§ Provided entries
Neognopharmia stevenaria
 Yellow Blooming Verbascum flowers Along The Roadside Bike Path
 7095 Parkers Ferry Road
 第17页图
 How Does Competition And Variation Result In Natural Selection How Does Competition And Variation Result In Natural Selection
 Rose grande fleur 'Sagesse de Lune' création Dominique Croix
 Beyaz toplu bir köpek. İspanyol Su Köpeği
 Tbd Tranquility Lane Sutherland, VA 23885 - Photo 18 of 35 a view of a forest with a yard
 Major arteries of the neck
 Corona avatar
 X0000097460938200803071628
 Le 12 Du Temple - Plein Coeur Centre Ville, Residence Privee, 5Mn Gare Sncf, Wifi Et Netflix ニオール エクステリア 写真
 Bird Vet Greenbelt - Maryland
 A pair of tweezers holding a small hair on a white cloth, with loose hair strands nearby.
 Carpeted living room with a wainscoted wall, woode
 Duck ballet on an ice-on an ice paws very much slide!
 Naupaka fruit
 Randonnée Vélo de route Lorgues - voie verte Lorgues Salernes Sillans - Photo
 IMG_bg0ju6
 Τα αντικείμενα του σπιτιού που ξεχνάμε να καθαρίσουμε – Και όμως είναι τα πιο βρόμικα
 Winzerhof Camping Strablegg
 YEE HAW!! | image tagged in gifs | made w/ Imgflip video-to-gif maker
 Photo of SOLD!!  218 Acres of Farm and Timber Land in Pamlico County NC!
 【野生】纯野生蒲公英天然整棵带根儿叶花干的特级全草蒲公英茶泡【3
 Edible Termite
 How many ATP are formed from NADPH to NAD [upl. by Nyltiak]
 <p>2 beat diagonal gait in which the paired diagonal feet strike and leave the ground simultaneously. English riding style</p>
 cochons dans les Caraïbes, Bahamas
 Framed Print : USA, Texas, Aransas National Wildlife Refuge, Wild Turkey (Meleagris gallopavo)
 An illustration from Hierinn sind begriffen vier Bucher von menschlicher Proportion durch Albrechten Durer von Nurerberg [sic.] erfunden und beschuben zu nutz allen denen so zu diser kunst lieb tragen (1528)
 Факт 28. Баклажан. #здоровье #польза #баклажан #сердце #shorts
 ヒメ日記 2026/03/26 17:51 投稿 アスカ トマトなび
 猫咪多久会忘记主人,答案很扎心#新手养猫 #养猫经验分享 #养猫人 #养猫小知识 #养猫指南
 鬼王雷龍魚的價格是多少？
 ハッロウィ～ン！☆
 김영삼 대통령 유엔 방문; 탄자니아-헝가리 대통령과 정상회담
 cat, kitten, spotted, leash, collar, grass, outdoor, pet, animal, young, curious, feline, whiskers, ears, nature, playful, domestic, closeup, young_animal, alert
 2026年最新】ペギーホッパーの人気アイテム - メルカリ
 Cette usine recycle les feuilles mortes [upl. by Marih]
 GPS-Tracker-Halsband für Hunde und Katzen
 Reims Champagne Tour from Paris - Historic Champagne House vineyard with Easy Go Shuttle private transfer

§ Task prompt
Retype the whole listing exactly.

§ Reply to the exercise
Neognopharmia stevenaria
 Yellow Blooming Verbascum flowers Along The Roadside Bike Path
 7095 Parkers Ferry Road
 第17页图
 How Does Competition And Variation Result In Natural Selection How Does Competition And Variation Result In Natural Selection
 Rose grande fleur 'Sagesse de Lune' création Dominique Croix
 Beyaz toplu bir köpek. İspanyol Su Köpeği
 Tbd Tranquility Lane Sutherland, VA 23885 - Photo 18 of 35 a view of a forest with a yard
 Major arteries of the neck
 Corona avatar
 X0000097460938200803071628
 Le 12 Du Temple - Plein Coeur Centre Ville, Residence Privee, 5Mn Gare Sncf, Wifi Et Netflix ニオール エクステリア 写真
 Bird Vet Greenbelt - Maryland
 A pair of tweezers holding a small hair on a white cloth, with loose hair strands nearby.
 Carpeted living room with a wainscoted wall, woode
 Duck ballet on an ice-on an ice paws very much slide!
 Naupaka fruit
 Randonnée Vélo de route Lorgues - voie verte Lorgues Salernes Sillans - Photo
 IMG_bg0ju6
 Τα αντικείμενα του σπιτιού που ξεχνάμε να καθαρίσουμε – Και όμως είναι τα πιο βρόμικα
 Winzerhof Camping Strablegg
 YEE HAW!! | image tagged in gifs | made w/ Imgflip video-to-gif maker
 Photo of SOLD!!  218 Acres of Farm and Timber Land in Pamlico County NC!
 【野生】纯野生蒲公英天然整棵带根儿叶花干的特级全草蒲公英茶泡【3
 Edible Termite
 How many ATP are formed from NADPH to NAD [upl. by Nyltiak]
 <p>2 beat diagonal gait in which the paired diagonal feet strike and leave the ground simultaneously. English riding style</p>
 cochons dans les Caraïbes, Bahamas
 Framed Print : USA, Texas, Aransas National Wildlife Refuge, Wild Turkey (Meleagris gallopavo)
 An illustration from Hierinn sind begriffen vier Bucher von menschlicher Proportion durch Albrechten Durer von Nurerberg [sic.] erfunden und beschuben zu nutz allen denen so zu diser kunst lieb tragen (1528)
 Факт 28. Баклажан. #здоровье #польза #баклажан #сердце #shorts
 ヒメ日記 2026/03/26 17:51 投稿 アスカ トマトなび
 猫咪多久会忘记主人,答案很扎心#新手养猫 #养猫经验分享 #养猫人 #养猫小知识 #养猫指南
 鬼王雷龍魚的價格是多少？
 ハッロウィ～ン！☆
 김영삼 대통령 유엔 방문; 탄자니아-헝가리 대통령과 정상회담
 cat, kitten, spotted, leash, collar, grass, outdoor, pet, animal, young, curious, feline, whiskers, ears, nature, playful, domestic, closeup, young_animal, alert
 2026年最新】ペギーホッパーの人気アイテム - メルカリ
 Cette usine recycle les feuilles mortes [upl. by Marih]
 GPS-Tracker-Halsband für Hunde und Katzen
 Reims Champagne Tour from Paris - Historic Champagne House vineyard with Easy Go Shuttle private transfer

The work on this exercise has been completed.